● Exercise description:
Pictures stay out of the copy. Retype exactly the lines below from the one with "Vlog 1 à Londres 🇬🇧" through the one with "Set of Six 19th".

● Data supplied:

<<<<

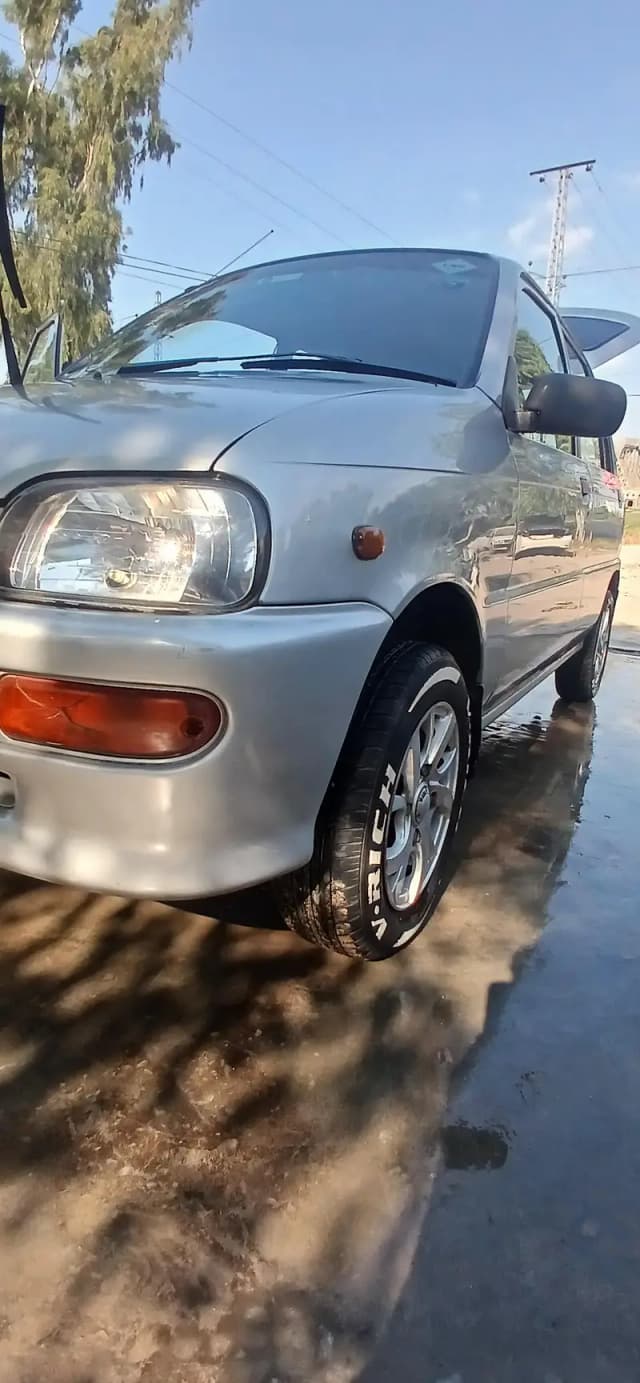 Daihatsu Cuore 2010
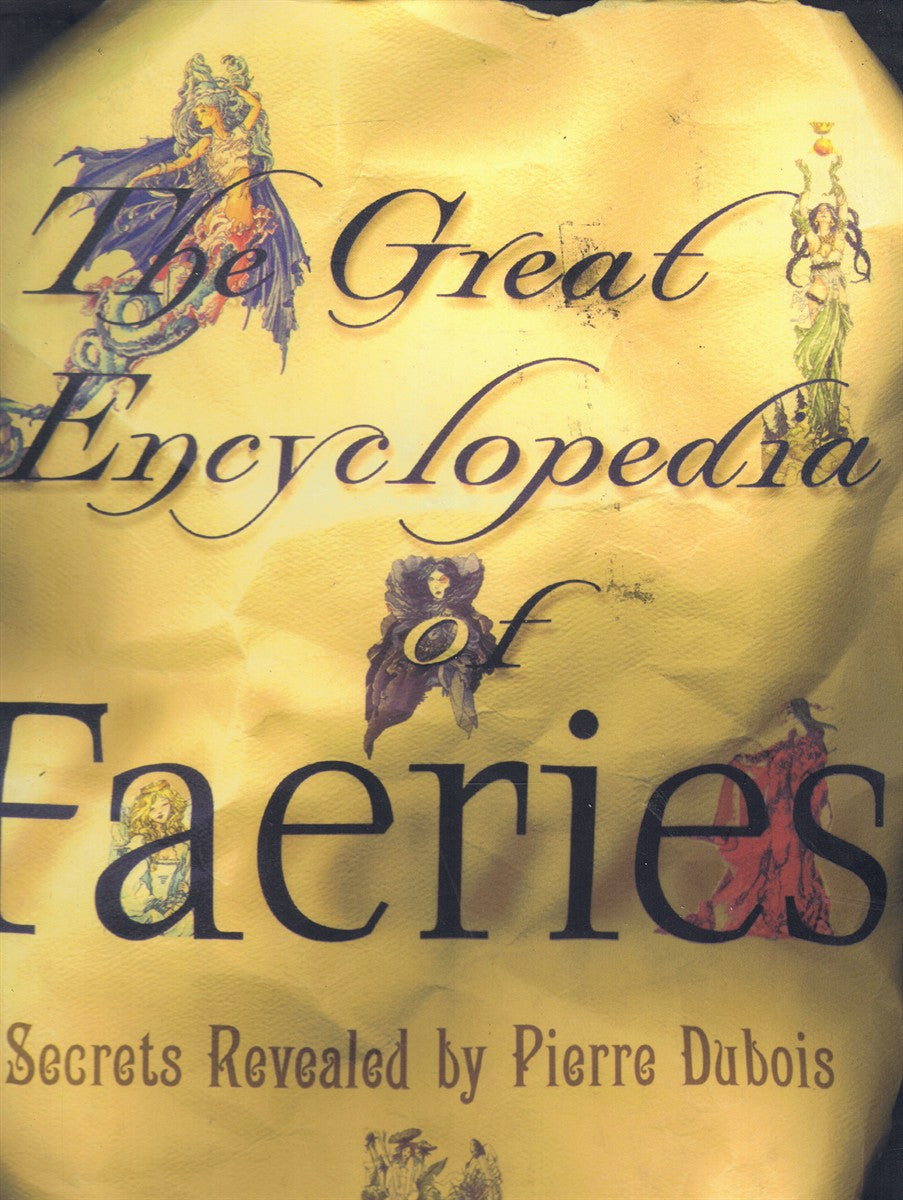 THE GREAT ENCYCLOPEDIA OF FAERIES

>>>>
<<<<

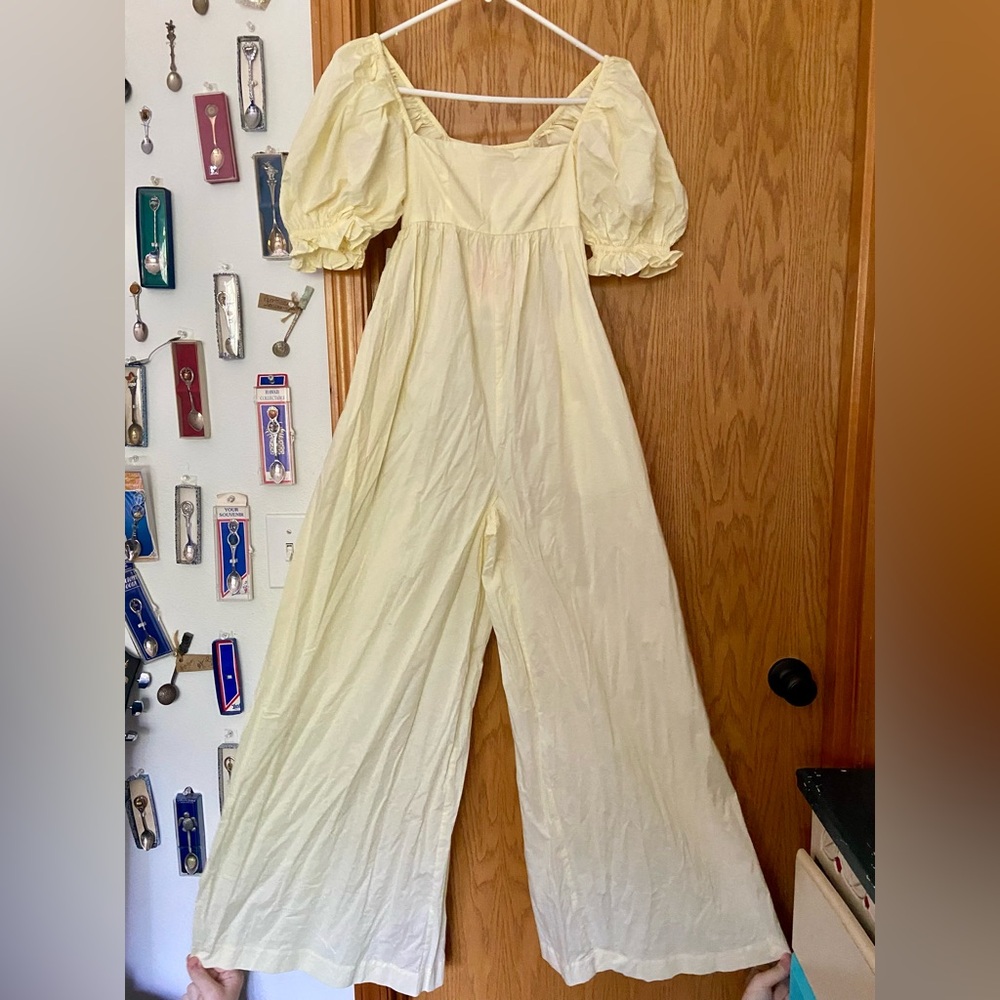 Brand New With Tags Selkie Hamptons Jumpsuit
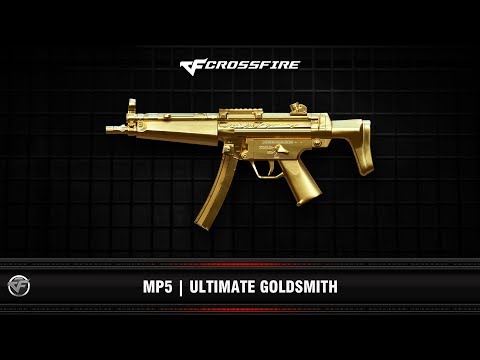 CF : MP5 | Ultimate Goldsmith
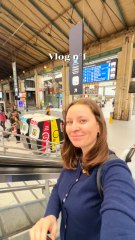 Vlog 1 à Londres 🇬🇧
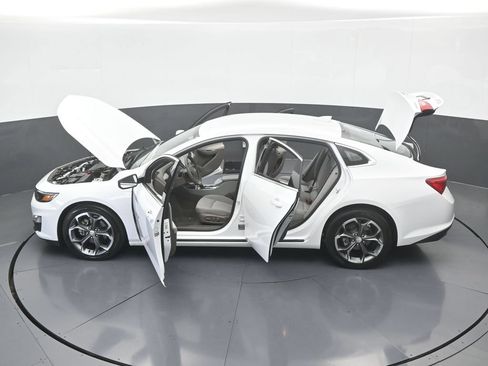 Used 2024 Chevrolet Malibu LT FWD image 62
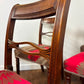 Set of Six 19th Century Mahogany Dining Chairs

>>>>

● Problem solution:
 Vlog 1 à Londres 🇬🇧
 Used 2024 Chevrolet Malibu LT FWD image 62
 Set of Six 19th Century Mahogany Dining Chairs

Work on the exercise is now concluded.